Patrick J. Buchanan
Churchill, Hitler, and the Unnecessary War: How Britain Lost Its Empire and the West Lost the World
New York: Random House, 2008
See also: “The Collapse of British Power,” “The Audit of War,” “The Lost Victory,” “The Verdict of Peace,” “The Forced War,” “America First,” “Colonel McCormick,” & “Wind Down the Empire of Nothing”
Part of the reason why the United States got involved in the wars in Korea, Vietnam, the Balkans, and Iraq was due to the “aggression at Munich” paradigm of international relations. This refers to the deal struck at Munich between British Prime Minister Neville Chamberlain and German Chancellor Adolf Hitler in September 1938. The deal allowed Germany to annex the German-speaking parts of Czechoslovakia that were called the Sudetenland.
Within a year, however, Britian and France would declare war on Germany over its invasion of Poland. The apocalyptic conflict which followed destroyed the great cities of Europe and claimed the lives of over 60 million people. At the end of the war, the British Empire, hitherto the world’s superpower, collapsed, and the United Kingdom itself was dependent upon American handouts merely to feed its own people.
According to the mainstream historical narrative, the agreement between Chamberlain and Hitler had been the last chance to avert the Second World War. More recent interpretations of events suggest that the British should have compromised over Poland a year later as well to avoid war.
Buchanan published Churchill, Hitler, and the Unnecessary War in 2008, during the Iraq War, which was itself launched in no small measure as a result of analogies with Munich. The war had become a demoralizing disaster for the United States by then, and Buchanan offered a book which turned the conventional narrative of the origins of the Second World War on its head. The conflict had not arisen due to Hitler’s Germany aggressing against Britain’s defenseless allies, but instead had grown out of a border dispute between Germany and Poland in which the British recklessly became involved.
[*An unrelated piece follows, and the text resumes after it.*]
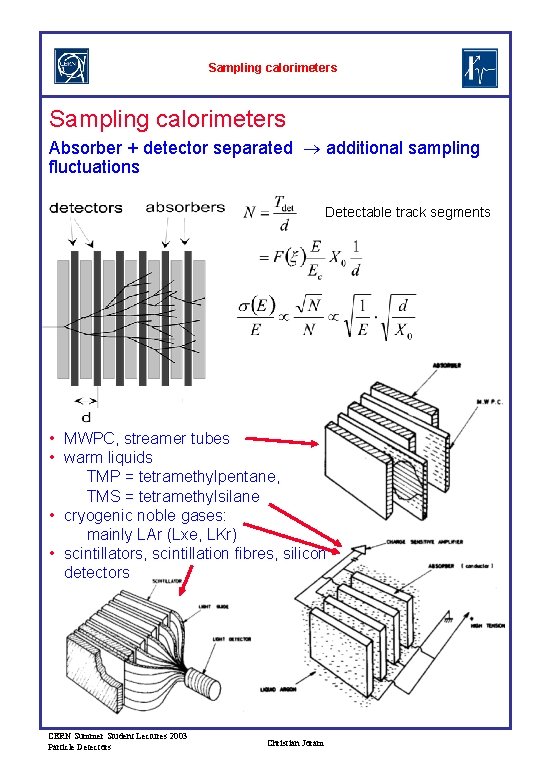 Sampling calorimeters Absorber + detector separated additional sampling fluctuations Detectable track segments • MWPC,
Winston Churchill, a reckless genius
From 1896, when Leander Starr Jameson, an upper-class British adventurer, attempted to take over the Afrikaans-speaking South African Republic, until 1968, when Enoch Powell gave his famous “Rivers of Blood” Speech, the British upper class made a series of reckless decisions. The one member of this class who outshone the rest in terms of his genius and ability — albeit alongside recklessness — was Winston Churchill.
Fate caused Winston Churchill to be born at the right time, place, and social station in 1874. He was a member of the upper class but lacked a formal title. Churchill’s father Randoph was the son of the Duke of Marlborough, but not his oldest son. Ironically, this gave Churchill greater opportunities. Instead of going to the House of Lords, where he’d have only held symbolic power at best, Churchill went to the House of Commons, where he had real power.
Churchill had served in the British Army and took part in what was possibly the last British cavalry charge at the Battle of Omdurman, during the British reconquest of the Sudan. Churchill later went on to write an outstanding account of the conflict called The River War. Shortly thereafter, Churchill served as a war correspondent — and part-time soldier — in the Boer War.
It was in South Africa that an event occurred which is emblematic of the whole of Churchill’s career. He wanted to see some action, so he secured the opportunity to ride in an armored train that was on patrol. The train had no accompanying cavalry or mounted infantry to secure its flanks, which was a problem, as a train as a vehicle of war was the equivalent of a battleship without a rudder. At no point did Churchill grasp the tactical problem that the train embodied. Predictably, the train was ambushed, and Churchill was captured. He managed to escape and happened to knock on the door of an Englishman who was able to sneak him onto a train bound for Portuguese Mozambique. The entire affair was stupidity mixed with enormous luck.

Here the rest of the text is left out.